Nos últimos meses, representantes de Fiat, Ford, GM e Volks se alinharam em torno da mesma causa e negociaram com o governo de forma harmônica. Há duas semanas, segundo contam fontes familiarizadas com o assunto, a direção da Anfavea, entidade que representa essa indústria, pediu a presença, na mesa de negociações, dos executivos com mais experiência nas relações com o governo nessas quatro empresas.

Com a iminência do anúncio das novas medidas, integrantes da equipe de lobistas chegaram a cancelar compromissos no exterior. Era a consagração de meses de trabalho para convencer o governo a encontrar uma fórmula para premiar o império industrial que essas empresas ergueram no Mercosul nas últimas quatro décadas.

Nenhum detalhe da estrutura já montada na América Latina escapou na elaboração do decreto. A nova regulamentação elevou em 30 pontos percentuais o IPI dos carros com menos de 65% de peças nacionais, mas abriu exceção para os carros e peças que vêm do Mercosul e México. Volkswagen, General Motors, Ford e Fiat têm fábricas na Argentina e México. Como o Brasil tem acordos de intercâmbio comercial com Mercosul e México, os veículos produzidos nessas regiões já estavam livres do Imposto de Importação de 35%.

O interesse das quatro maiores acabou ajudando as empresas do setor com menos história de relacionamento com o governo. As francesas Renault, Peugeot e Citroën fabricam no Brasil e na Argentina. Trata-se de uma estrutura criada na expectativa que o Mercosul funcionasse como bloco. A ideia de dividir a produção se baseou numa estratégia de complementaridade de linhas.

A japonesa Nissan, que compartilha a fábrica brasileira com a Renault, será uma das mais beneficiadas pela isenção de imposto dos carros vindos do México. A fábrica mexicana da Nissan abastece o mercado do Brasil, incluindo o primeiro compacto da marca, o March, prestes a ser lançado aqui.

Em relação à nacionalização, vale lembrar que há anos a maior parte dos carros fabricados no Brasil leva alta quantidade de peças produzidas no país, o que é conveniente num setor que trabalha no chamado “just in time” – modelo de manufatura sem estoques.

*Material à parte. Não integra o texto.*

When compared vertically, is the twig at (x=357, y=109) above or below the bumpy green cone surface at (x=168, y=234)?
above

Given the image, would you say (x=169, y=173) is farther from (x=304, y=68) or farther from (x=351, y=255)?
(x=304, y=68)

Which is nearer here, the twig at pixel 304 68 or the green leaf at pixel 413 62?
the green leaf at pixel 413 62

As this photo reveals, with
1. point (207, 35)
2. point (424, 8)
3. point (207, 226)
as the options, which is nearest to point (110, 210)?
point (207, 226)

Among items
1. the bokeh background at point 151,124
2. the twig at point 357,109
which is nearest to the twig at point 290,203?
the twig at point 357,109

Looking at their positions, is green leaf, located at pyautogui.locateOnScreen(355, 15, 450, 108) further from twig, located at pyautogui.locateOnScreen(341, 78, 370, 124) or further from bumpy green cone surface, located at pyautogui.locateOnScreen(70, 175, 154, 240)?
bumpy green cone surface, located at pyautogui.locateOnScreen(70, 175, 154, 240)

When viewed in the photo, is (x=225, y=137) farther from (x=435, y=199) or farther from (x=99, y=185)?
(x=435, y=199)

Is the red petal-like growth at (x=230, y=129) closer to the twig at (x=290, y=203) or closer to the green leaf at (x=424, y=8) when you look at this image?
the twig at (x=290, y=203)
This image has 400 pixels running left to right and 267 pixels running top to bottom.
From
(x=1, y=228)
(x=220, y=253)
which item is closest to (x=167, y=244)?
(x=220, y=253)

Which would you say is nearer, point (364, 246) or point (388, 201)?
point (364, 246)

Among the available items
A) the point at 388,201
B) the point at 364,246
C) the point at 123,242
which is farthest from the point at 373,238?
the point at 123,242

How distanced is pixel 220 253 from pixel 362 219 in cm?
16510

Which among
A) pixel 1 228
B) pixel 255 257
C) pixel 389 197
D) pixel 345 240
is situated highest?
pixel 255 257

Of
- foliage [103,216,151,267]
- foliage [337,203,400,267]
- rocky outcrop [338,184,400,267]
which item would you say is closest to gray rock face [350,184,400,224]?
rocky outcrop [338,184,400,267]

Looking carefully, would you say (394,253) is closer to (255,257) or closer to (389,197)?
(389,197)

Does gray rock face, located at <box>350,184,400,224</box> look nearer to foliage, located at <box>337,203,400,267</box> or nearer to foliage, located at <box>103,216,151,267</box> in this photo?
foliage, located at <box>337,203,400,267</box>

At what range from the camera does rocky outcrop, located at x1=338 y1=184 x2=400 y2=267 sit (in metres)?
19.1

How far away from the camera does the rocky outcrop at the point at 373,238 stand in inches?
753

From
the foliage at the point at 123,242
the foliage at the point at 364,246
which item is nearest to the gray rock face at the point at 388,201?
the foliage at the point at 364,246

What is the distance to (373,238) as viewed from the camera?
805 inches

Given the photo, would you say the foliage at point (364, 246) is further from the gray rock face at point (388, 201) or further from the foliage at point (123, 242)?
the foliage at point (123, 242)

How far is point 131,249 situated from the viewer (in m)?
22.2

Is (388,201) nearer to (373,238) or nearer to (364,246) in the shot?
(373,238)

As montadoras com fábricas no Brasil não serão afetadas sequer na importação de veículos fora do Mercosul e México, porque o cálculo do conteúdo regional levará em conta receita bruta total da empresa e não custo por veículo. As quatro veteranas trazem automóveis da América do Norte e Europa para poder atuar no mercado de alto luxo.

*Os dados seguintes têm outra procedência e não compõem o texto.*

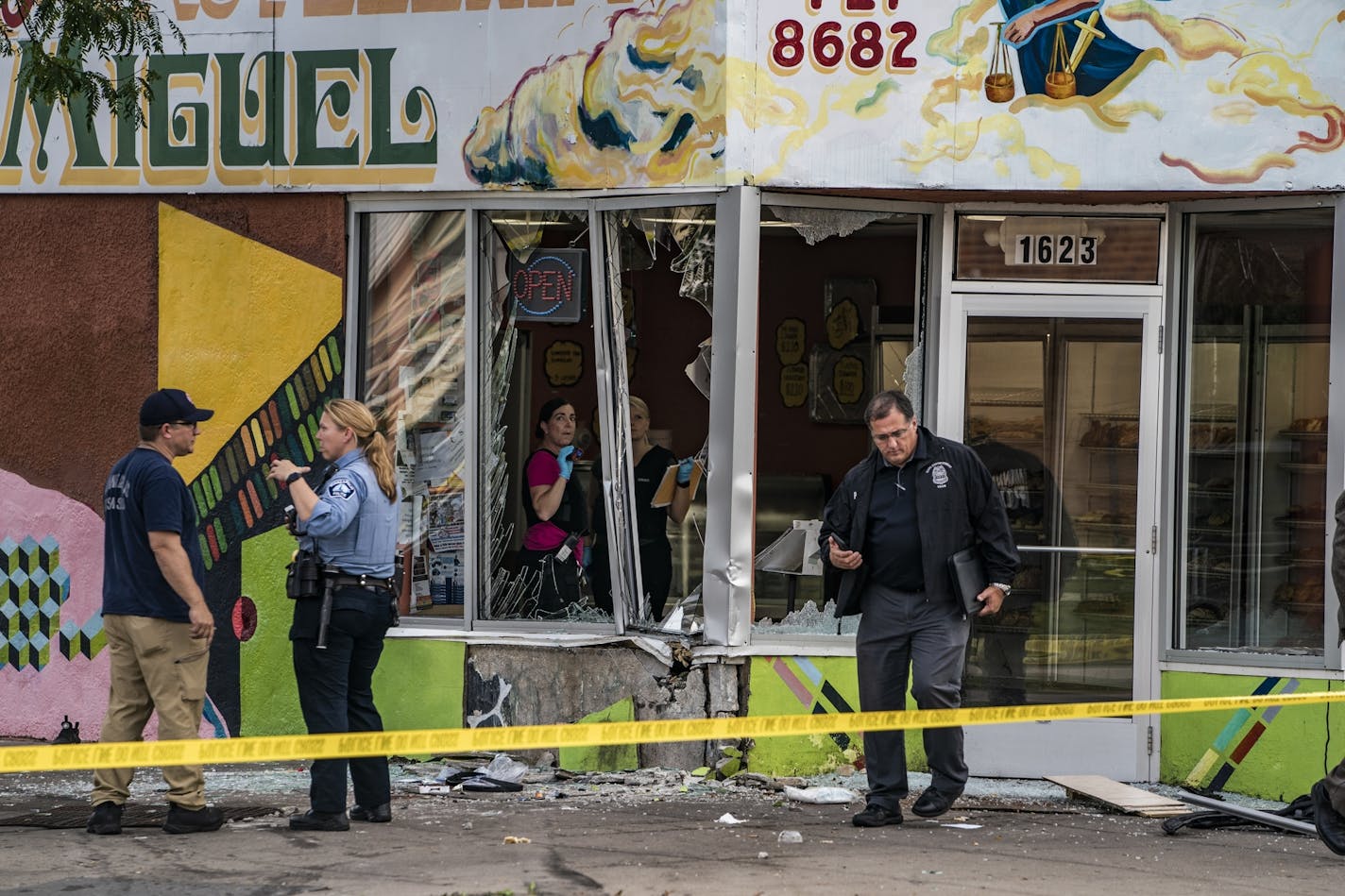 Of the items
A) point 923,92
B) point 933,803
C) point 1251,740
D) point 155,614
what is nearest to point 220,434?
point 155,614

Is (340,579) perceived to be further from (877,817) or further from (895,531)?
(877,817)

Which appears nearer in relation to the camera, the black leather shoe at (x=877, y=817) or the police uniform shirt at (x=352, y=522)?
the police uniform shirt at (x=352, y=522)

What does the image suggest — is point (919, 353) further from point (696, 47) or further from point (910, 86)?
point (696, 47)

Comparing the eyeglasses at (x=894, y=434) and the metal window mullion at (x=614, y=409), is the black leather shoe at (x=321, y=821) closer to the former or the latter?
the metal window mullion at (x=614, y=409)

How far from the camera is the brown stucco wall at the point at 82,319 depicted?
9461 millimetres

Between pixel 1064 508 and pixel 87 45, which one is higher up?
pixel 87 45

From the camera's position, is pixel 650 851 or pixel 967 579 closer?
pixel 650 851

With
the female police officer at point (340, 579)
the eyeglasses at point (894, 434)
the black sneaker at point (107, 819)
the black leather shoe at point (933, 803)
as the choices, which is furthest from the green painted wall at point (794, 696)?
the black sneaker at point (107, 819)

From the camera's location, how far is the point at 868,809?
7.60 meters

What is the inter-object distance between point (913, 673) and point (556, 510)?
8.08ft

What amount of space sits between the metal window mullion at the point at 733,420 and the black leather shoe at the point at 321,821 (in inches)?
83.8

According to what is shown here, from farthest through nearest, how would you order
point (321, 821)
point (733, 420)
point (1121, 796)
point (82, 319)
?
1. point (82, 319)
2. point (733, 420)
3. point (1121, 796)
4. point (321, 821)

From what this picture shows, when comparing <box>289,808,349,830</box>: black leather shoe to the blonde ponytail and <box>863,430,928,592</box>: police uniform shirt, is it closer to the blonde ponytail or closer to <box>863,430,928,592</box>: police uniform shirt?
the blonde ponytail

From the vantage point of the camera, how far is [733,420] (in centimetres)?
847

A necessidade de dedicar parte substancial da receita em pesquisa e desenvolvimento, outro requisito fixado pelo decreto, também não dará nenhum trabalho às empresas com mais tempo de Brasil. O setor nunca encontrou dificuldades para dedicar-se à arte da criação de automóveis num país com farta matéria-prima, extensão territorial suficiente para produzir em escala e mão de obra preparada.